Do we have a test for the problem that this is solving?

I think we can write a testcase that shows that copy constructors are not optimized away unless the string constructor is inlined.

This patch fixes the performance of a proprietary benchmark when compiled with libc++, closing the performance gap with the same benchmark compiled with the gnu libstdc++. Overall with this patch we have half a billion fewer instructions out of about 10 billion.

Do we have a test for the problem that this is solving?

We are looking at the libcxx testsuite, it seems there are only correctness/functionality tests. Do you have any pointers on how to add tests to check if functions are inlined. In llvm it is easy to do because we can print the assembly and use FileCheck/grep to CHECK/CHECK-NOT if a string is present.

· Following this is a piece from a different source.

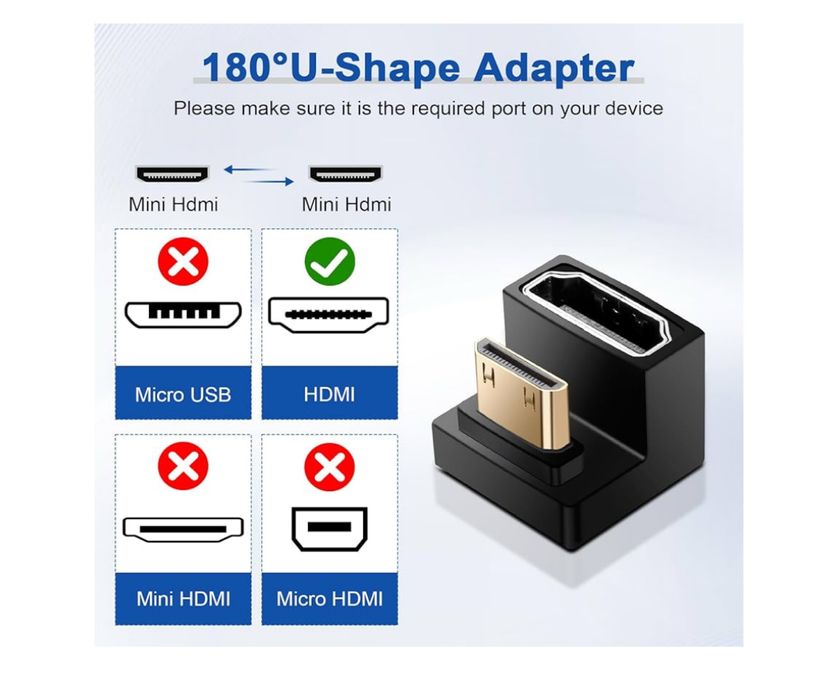 Mini HDMI Vers HDMI Angle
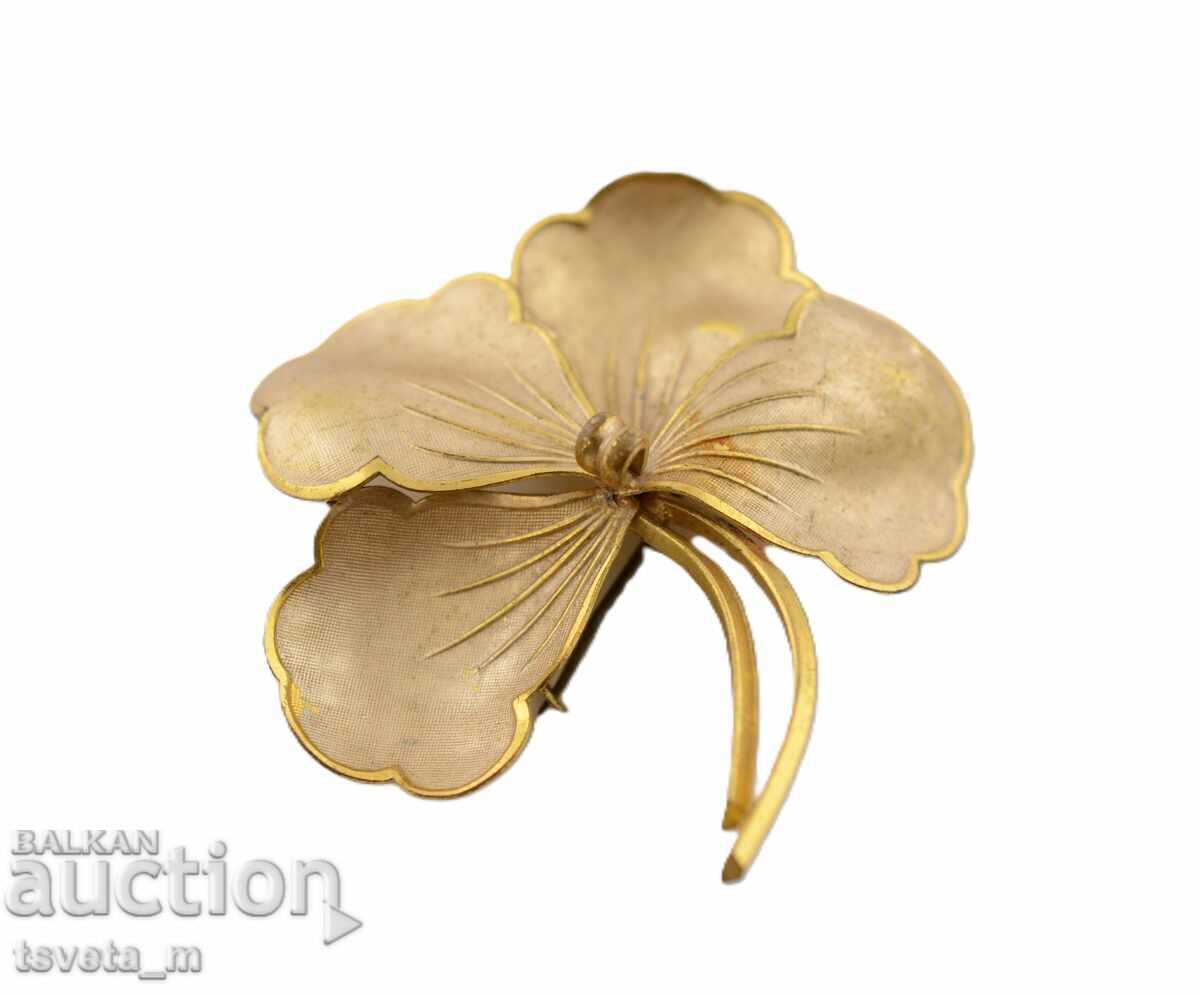 Broșă ac de siguranță trifoi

laxmansole added a comment.EditedJul 26 2016, 3:28 PM

Do we have a test for the problem that this is solving?

$ cat foo.cpp

int foo(const std::string name);
int bar(){
    return foo("bar");
}

$clang++ -S -O3 -fno-exceptions foo.cpp

Assembly output without patch:

_Z3barv:                                // @_Z3barv
// BB#0:                                // %entry
    sub sp, sp, #64             // =64
    adrp    x1, .L.str
    add x1, x1, :lo12:.L.str
    add x0, sp, #8              // =8
    orr w2, wzr, #0x3
    stp xzr, x19, [sp, #24]     // 8-byte Folded Spill
    stp x29, x30, [sp, #48]     // 8-byte Folded Spill
    add x29, sp, #48            // =48
    stp xzr, xzr, [sp, #8]
    bl  _ZNSt3__112basic_stringIcNS_11char_traitsIcEENS_9allocatorIcEEE6__initEPKcm
    add x0, sp, #8              // =8
    bl  _Z3fooNSt3__112basic_stringIcNS_11char_traitsIcEENS_9allocatorIcEEEE
    and w19, w0, #0x1
    add x0, sp, #8              // =8
    bl  _ZNSt3__112basic_stringIcNS_11char_traitsIcEENS_9allocatorIcEEED1Ev
    mov  w0, w19
    ldp x29, x30, [sp, #48]     // 8-byte Folded Reload
    ldr x19, [sp, #32]          // 8-byte Folded Reload
    add sp, sp, #64             // =64
    ret

Assembly output with patch:

_Z3barv:                                // @_Z3barv
// BB#0:                                // %entry
    sub sp, sp, #64             // =64
    orr w8, wzr, #0x6
    mov w9, #114
    mov w10, #24930
    add x0, sp, #8              // =8
    stp xzr, x19, [sp, #24]     // 8-byte Folded Spill
    stp x29, x30, [sp, #48]     // 8-byte Folded Spill
    add x29, sp, #48            // =48
    stp xzr, xzr, [sp, #8]
    strb    w8, [sp, #8]
    strb    w9, [sp, #11]
    sturh   w10, [sp, #9]
    strb    wzr, [sp, #12]
    bl  _Z3fooNSt3__112basic_stringIcNS_11char_traitsIcEENS_9allocatorIcEEEE
    and w19, w0, #0x1
    add x0, sp, #8              // =8
    bl  _ZNSt3__112basic_stringIcNS_11char_traitsIcEENS_9allocatorIcEEED1Ev
    mov  w0, w19
    ldp x29, x30, [sp, #48]     // 8-byte Folded Reload
    ldr x19, [sp, #32]          // 8-byte Folded Reload
    add sp, sp, #64             // =64
    ret

We can see that call to

_ZNSt3__112basic_stringIcNS_11char_traitsIcEENS_9allocatorIcEEE6__initEPKcm

get inlined.

EricWF added a subscriber: EricWF.Aug 2 2016, 10:33 PM

The change itself LGTM, although we probably want to inline the forward/input iterator __init's as well.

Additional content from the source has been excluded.